We might tell our stories to hold back the inevitable erasure of time. We might tell them to help us process the moment, or to explain why we grow quiet whenever we hear Bruce Springsteen’s “The Rising.”

Then again, we might keep our stories locked in some leaky compartment, for fear of being perceived as another 9/11 narcissist, the hero of our own narrative. Or maybe we keep them to ourselves out of simple reverence.

Regan, the man who momentarily forgot, is now 64 and an executive with JPMorgan Chase. He has his memories, his stories. Some are funny, in that dark Irish way of coping. Some are so sobering that silence is the only response.

He avoids the anniversaries, the annual recitation of the names of the dead, and all the documentaries and books and essays the day continues to inspire. He will never visit the 9/11 Memorial & Museum, he said. “I don’t need to go back.”

Luongo, now 63, retired in March after 40 years with the NYPD, a career distinguished in part by those many months on the Staten Island landfill. More than 4,200 human remains were recovered, as well as nearly 60,000 personal items, including photographs and identification cards.

What he supervised was a village built on tragedy and aglow at night, with office trailers, a decontamination center, a mess hall, and conveyor belts waiting to receive the debris barged from Lower Manhattan.
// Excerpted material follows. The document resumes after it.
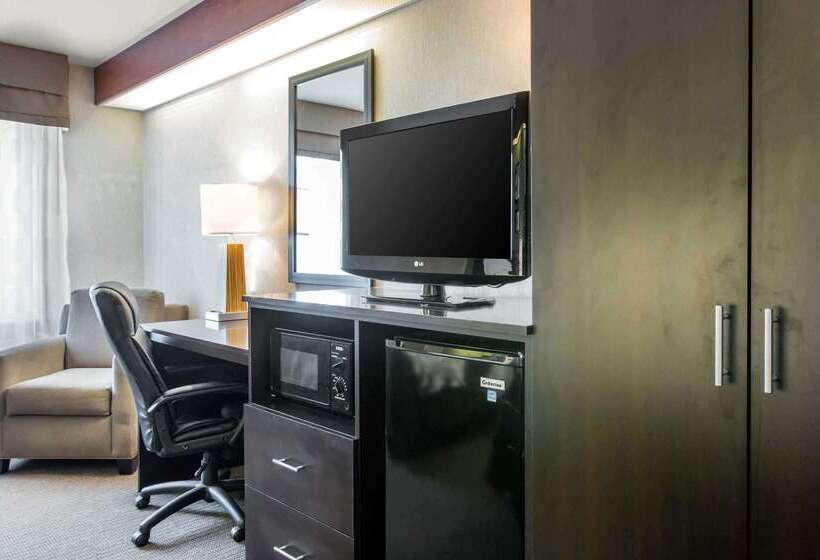 هتل Sleep Inn & Suites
Looming stacks of crushed vehicles, including police cars and fire engines, arranged in neat, horrific rows.

All gone, like Brigadoon. Was it even real? Or is this, too, a trick of memory?

“I remember,” Luongo said. “So you get up in the morning, light a candle, say a prayer — and move on.”
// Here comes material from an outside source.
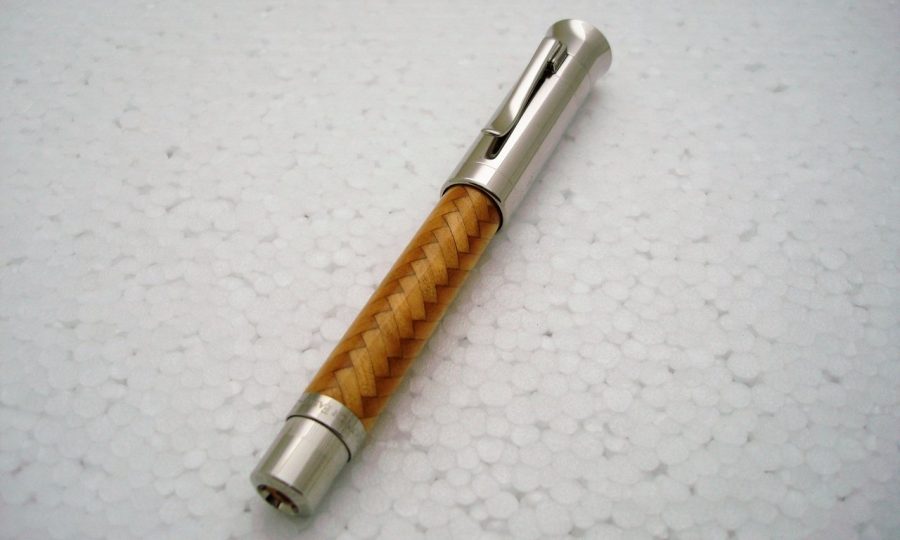 Estilográfica Graf von Faber-Castell – Pen of the Year 2008. Madera de Satín de la India.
Stern, who went on to write two nonfiction books and four novels, also remembers. How could she not?

Shopping for eggs in a SuperFresh market near her home in Princeton, New Jersey, planning to make chocolate chip cookies for her husband — “I made the best ones in the world” — when someone shouted something like: The World Trade Center has been hit!

Being notified six months later that a quarter-size piece of Jim had been identified. Writing and writing and writing every night through her grief, more than 150,000 words that no one else will ever see.

Stern has spent the past 20 years trying to get past the “uniquely suffering kind of thing,” as she puts it, and work toward building something constructive. Her involvement with the nonprofit peace-building organization Search for Common Ground is another form of remembering.

“I don’t want anyone to go through this,” Stern said. “But I also don’t want to go through life saying, ‘You can’t understand what I went through.’ What’s the point? Why should they?”

The smell of a cigar. A bicycle. A drive on the Staten Island Expressway. The anniversary.

The dust.

I remember camping out with the National Guard in Battery Park several days after the terrorist attacks. I remember wearing a construction helmet, carrying a clipboard and walking around as if I belonged at the restricted World Trade Center site, then known as “the Pile” and as much a burial ground as a crime scene.

I remember the messages of grief, anger and faint hope scrawled in the dust that had settled on the surrounding buildings. Scrawled with the tips of fingers. I remember being determined to chronicle these messages before the power washers came.

“The Towers Will Rise Again”

“Vernon Cherry Call Home”

“God Be With You Dana — Love, Mom”

I remember not wanting to think too hard about what comprised the dust, and not thinking at all about how harmful the dust might be for rescue and recovery workers to inhale.

I remember the dust being the color of vanilla, although my notes say it was gray. But I am certain of this: The dust was everywhere. The world was covered in it.